Hay un aumento de producción ensayística, tanto académica como divulgativa, sobre la cuestión de la ciudad en la actualidad; más concretamente, sobre la pérdida del paseo urbano.
Desde el Wanderlust de Rebecca Solnit o el Walkscapes de Francesco Careri se reivindica aquella agencia que los franceses denominarían flânerie, un término de difícil traducción y que aludiría a la errancia ociosa por las calles de una gran ciudad.
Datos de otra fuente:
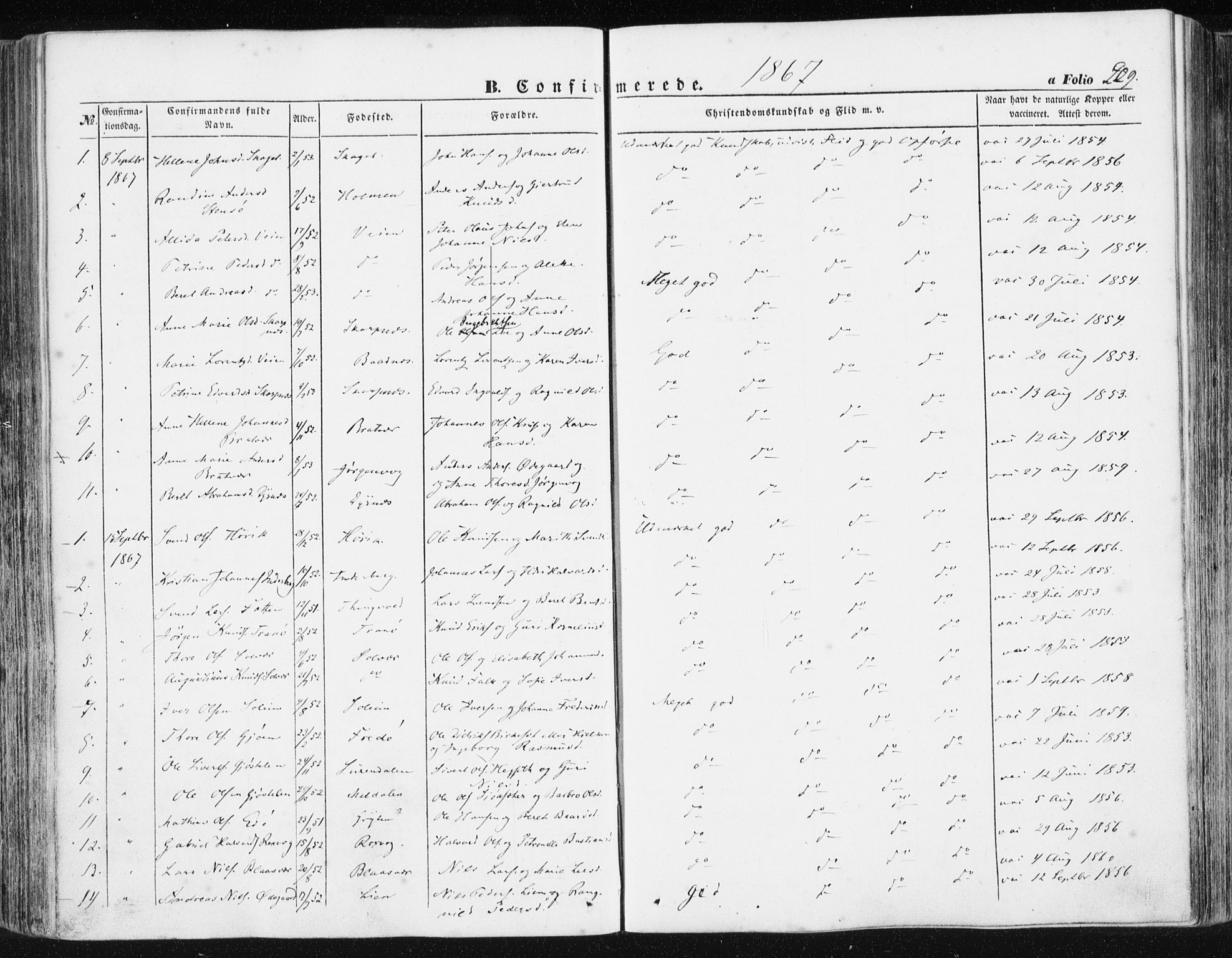 Ministerialprotokoller, klokkerbøker og fødselsregistre - Møre og Romsdal, AV/SAT-A-1454/581/L0937: Parish register (official) no. 581A05, 1853-1872, p. 209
Más tarde, urbanistas como Jane Jacobs alertarán de su progresivo fin debido a reformas que, en virtud del orden y el racionalismo, condenan la vitalidad y riqueza plural de la urbe. Ciudades como L.A. ya no son “paseables”. Pero como ya veía Juan Costa en el s. XVI, la ciudad física, la urbs, no es nada sin sus ciudadanos, la civitas.
El confinamiento es el ejemplo más extremo, pero debido al sistema socioeconómico en el que, quiérase o no, estamos insertos, basado en un cada vez más exigente ritmo productivo, se pierde el sentido de salir a la calle porque sí, sin perseguir una finalidad utilitarista, algo que ya constató Georg Simmel. Las autopistas son la conclusión de este proceso de evitación de ese enjambre que es la ciudad, como analiza el antropólogo Marc Augé. También la falaz idealización del campo –y su vaciamiento, pero ese es otro tema– y ese deseo de la clase media-alta de, tras largos sacrificios, irse a vivir al ansiado chalet alejado del mundanal ruido.